Вот и снова моё утро. Это седьмой день. Полвека, можно сказать. Я постараюсь сегодня сделать всё, чтобы не попасть в сачок, я с удивлением посмотрю в глаза каждому, кто встретится, мне интересно увидеть, а как прошло его утро? Если я увижу редкий блеск, значит осталось утр в его жизни совсем не много. А я проснусь завтра, уверенна, и напишу тебе, как прошёл мой день.
Я встаю рано утром, любуюсь своими яркими хрупкими крылышками. Мне повезло, я яркая, не очень большого размера, в чём, кстати, тоже повезло, но мне кажется, очень яркая. Вот я вижу оранжевый сегодня в большей степени будет радовать мимо пролетающих. Мой оранжевый – это моя гордость, как и мой жёлтый. Такое сочетание – большая редкость. Отвратительно, когда и тот и другой в одном количестве, да ещё и сливаются. У меня же всё не так! Как я хочу, чтобы ты меня видел, чтобы все меня увидели! Приходи к росе по утрам и, может быть, мы встретимся. Я стряхну на тебя немного пыльцы, и ты будешь так же рад седьмому дню, как я сегодня. Мой оранжевый от жёлтого отделяет еле заметная тёмно-синяя прерывистая нить. Она же чётко проходит от моих усиков и расширяется к кончикам крылышек. Жёлтого не должно быть много, это значит, что я уже постарела и скоро моё последнее утро. Ну а теперь мне пора к самой сверкающей, к самой тёплой и лучшей росе на свете, надо стряхнуть прах прошлодневной суеты и дать возможность новым лучам солнца напоить меня. Смотри, смотри, смотри!!! Как много нас, надеюсь мне достанется хоть одна капелька росы… В путь!
День первый не могу назвать самым удивительным, это даже один из дней, которые я плохо помню, так давно это было. Мне нельзя было ещё так много летать, как сегодня, не было ещё сил. Поэтому весь первый день пришлось просидеть, ты не поверишь, в тени.
И я совсем испугалась, когда поняла, что есть множество бабочек-девочек , которые вроде как крылья имеют, даже очень красивые, а летать не могут.
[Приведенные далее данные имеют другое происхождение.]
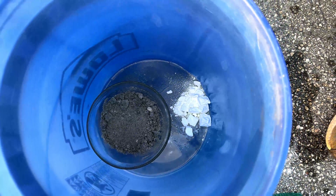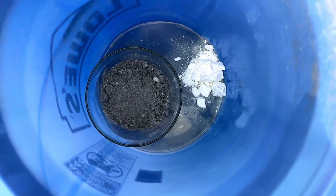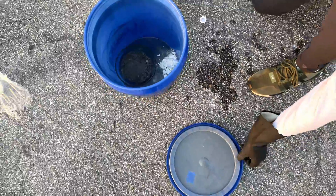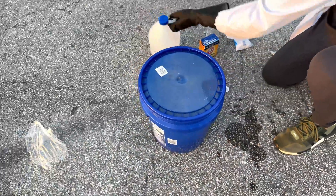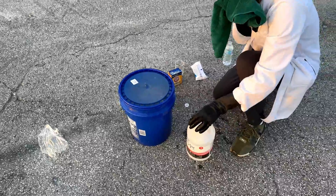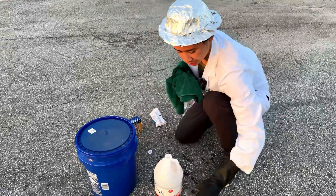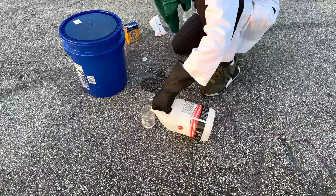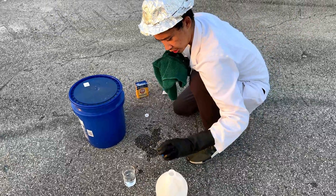We already got some chlorine gas going. Next you want to put on your rag — seal it, seal it a little bit — and then get your muriatic acid ready. We have to work quickly because the chlorine gas will get overwhelming fast. About 200 mL should do the trick.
Весь первый день ушёл на то, чтобы понять – смогу я парить в воздухе или нет. И от чего это зависит. Моё будущее движение.
Некоторым не повезло, они вообще не взлетели. Ветер объяснил мне это так: «У них природа иная. Крылья есть, а летать не придётся».
Я думаю, ветер соврал. Просто я очень ему понравилась. И какая такая природа может придумать, что одним нельзя летать, а другим можно. Ведь это так чудесно. Природа ещё придумала, что я могу оставаться всегда молодой. Об этом скажет жёлтый, которого совсем не будет к моменту моей смерти. Я буду прекрасной.
(это только предисловие)

7 thoughts on “Бабочка живет неделю. Максимум две

  1. Это просто очень красиво. Не берусь судить с другой точки, но я себя уж если не бабочкой чувствовала, читая, то явно далеко не человеком. Красиво и как-то лично.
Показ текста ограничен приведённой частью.